Pacific women continue to carry burden of informal business sector

8 Mar 2021
Pacific women continue to carry burden of informal business sector

7 Mar 2021, Tonga, Palau, Fiji and Vanuatu – As the world marks its second International Women’s Day on March 8th since the onset of COVID-19, United Nations Secretary General, Antonio Guterres did not mince his words during his annual statement. “The COVID-19 pandemic has erased decades of progress towards gender equality,” he said. “From high job losses to exploding burdens of unpaid care, from disrupted schooling to an escalating crisis of domestic violence and exploitation, women’s lives have been upended and their rights eroded.”

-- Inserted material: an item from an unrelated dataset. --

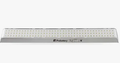 Luz de Emergencia Probattery 120 Led (Ie-Al3005) thumbnail 1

Common livelihoods for women in the Pacific such as market vending, farming, fishing and daily wage earning, have been particularly devastated, as they make up the informal sector where income is not secure and there is no insurance, paid leave or safety nets. When there are economic shocks and people can’t trade, women with informal businesses such as market vendors, have no other way to access money.


In Tonga, the local handicraft market was closed for weeks in 2020, as part of national COVID19-containment measures; this heavily impacted vendors. Informal employment is usually characterized by a lack of structure, including non-regular working hours and a lack of access to secure benefits, welfare protection or representation. As a result, one such vendor explained that she had missed out on government assistance due to being a part of a largely unregulated and unseen segment of the workforce.


Similarly, in Fiji, women crafters who are the sole breadwinners in household have experienced more home responsibilities, particularly with children and grandchildren or great grandchildren being confined. One crafter shared that she has now used up all her savings and has borrowed money and is now bartering to access the raw materials she needs.


As the informal sector continues to swell due to job losses and reduced working hours, the United Nations has embarked on a project aimed at supporting economic recovery through strengthening the long-term sustainability of businesses in the informal sector of Fiji, Palau, Tonga and Vanuatu. 


A joint initiative between the International Labour Organisation [ILO], United Nations Educational, Scientific and Cultural Organisation (UNESCO), United Nations Development Programme (UNDP) and the International Fund for Agricultural Development (IFAD), the project received approval through the UN Secretary General’s Multi-Partner Trust Fund for COVID-19 recovery.


The year-long initiative targets two main sub-sectors of Pacific informal economies – the creative industries and agriculture sectors. For those working creative trades, effects have been widespread as a direct result of a highly impacted tourism sector, not likely to resume to its 2019 levels prior to 2022, in the most optimistic scenario. Meanwhile, the return of urban dwellers to rural areas has resulted in the increase of agricultural activities. While this has supported resilience in food security, this newly created segment of the informal sector has reportedly faced difficulty in selling its produce; likely reflecting skills-gap, as well as a change in market structure.

Through a three-step approach, the new UN Project aims to provide: business training, business advisory services and business mentoring. The goal? To bolster financial stability, amongst this fast-growing segment of society, thereby fueling a swifter economic recovery.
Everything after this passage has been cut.